*DATA SUPPLIED*:
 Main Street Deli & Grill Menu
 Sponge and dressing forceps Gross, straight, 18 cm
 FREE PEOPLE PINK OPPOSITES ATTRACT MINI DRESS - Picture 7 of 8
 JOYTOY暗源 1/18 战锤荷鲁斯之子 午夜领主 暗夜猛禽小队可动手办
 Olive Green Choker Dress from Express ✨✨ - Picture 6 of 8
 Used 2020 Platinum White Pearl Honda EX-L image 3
* * *
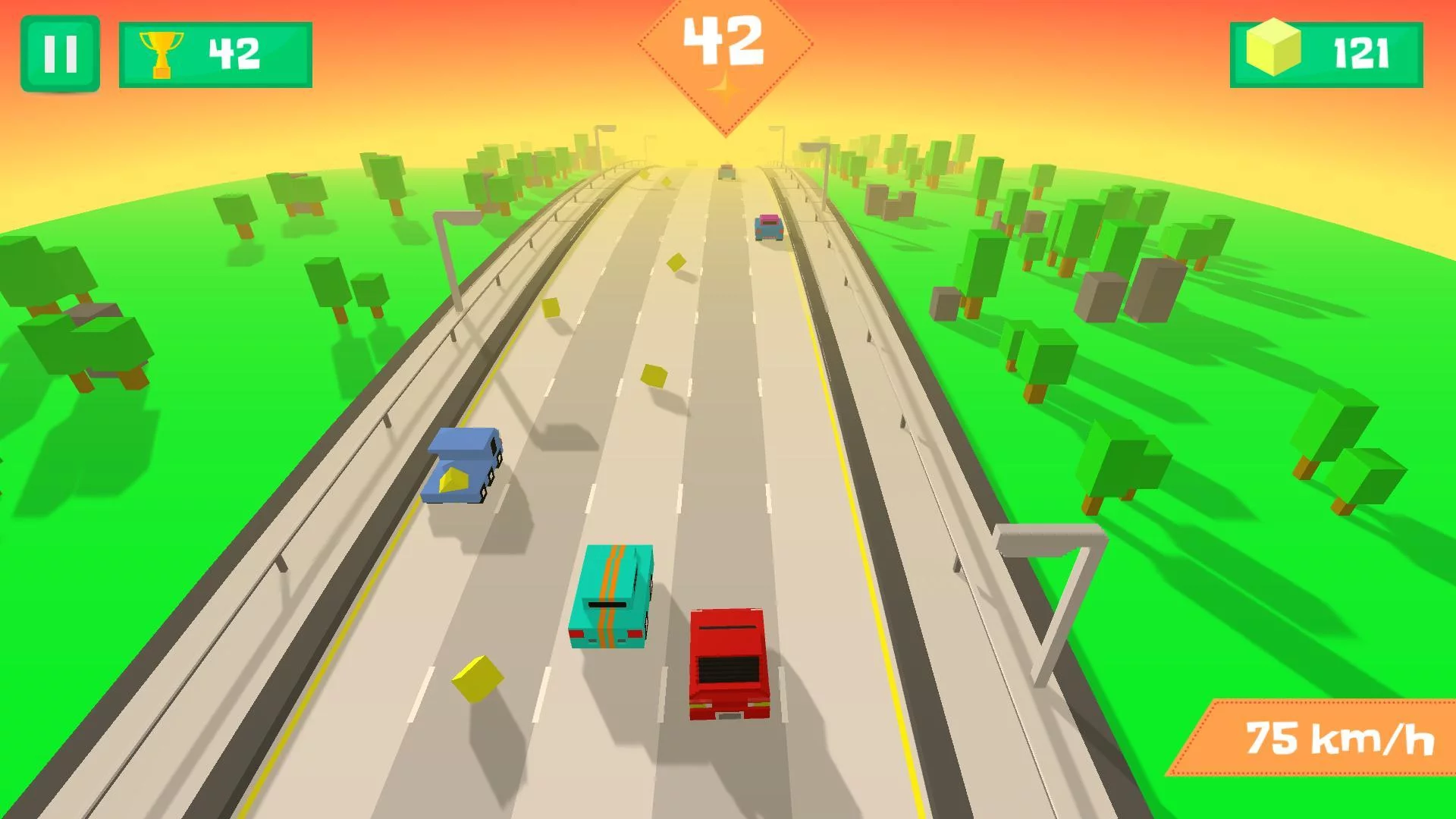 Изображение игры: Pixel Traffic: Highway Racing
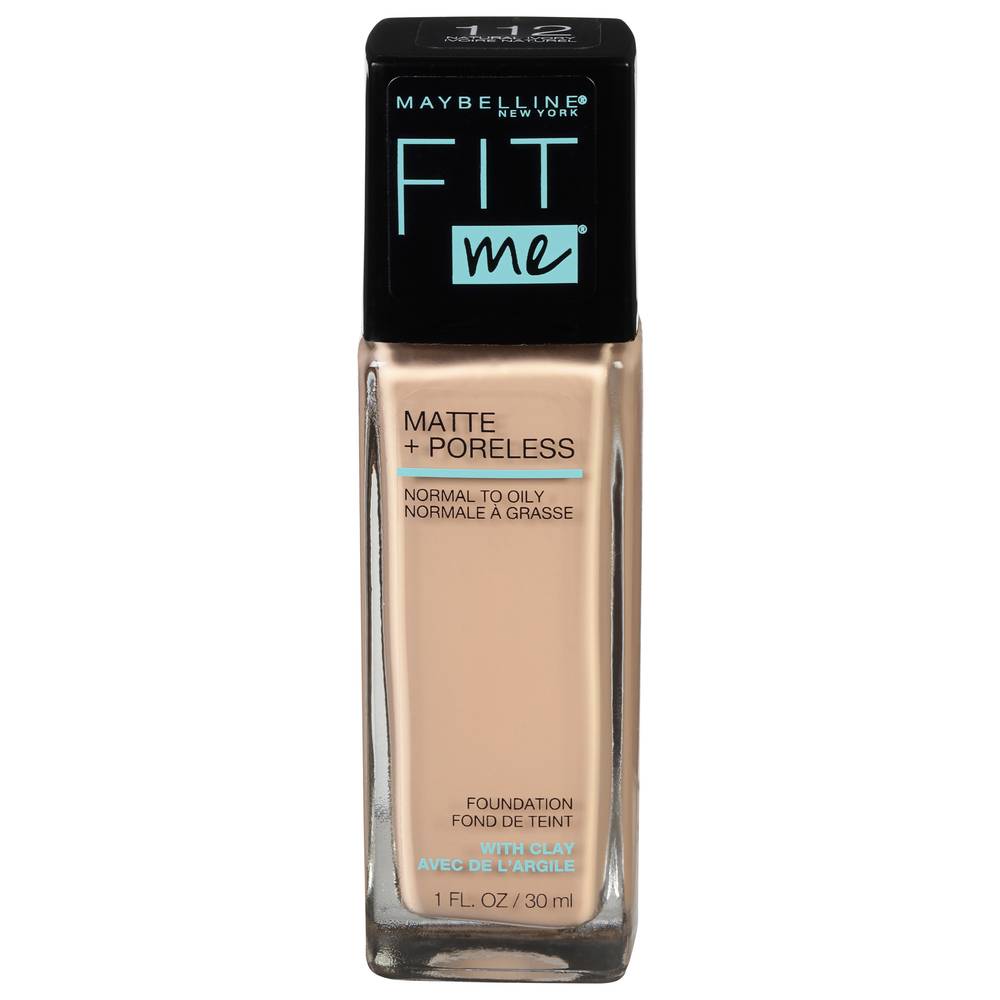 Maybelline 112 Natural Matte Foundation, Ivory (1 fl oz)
--
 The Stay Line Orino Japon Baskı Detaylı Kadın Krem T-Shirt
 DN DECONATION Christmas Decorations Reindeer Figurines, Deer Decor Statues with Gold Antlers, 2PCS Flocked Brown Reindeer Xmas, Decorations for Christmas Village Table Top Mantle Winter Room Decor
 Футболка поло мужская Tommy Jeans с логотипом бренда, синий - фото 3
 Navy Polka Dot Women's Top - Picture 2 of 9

*PROBLEM DESCRIPTION*: Report how many lines in the listing above hold the string "Picture", giving the number and no other words.

*SOLUTION FOR THIS PROBLEM*: 3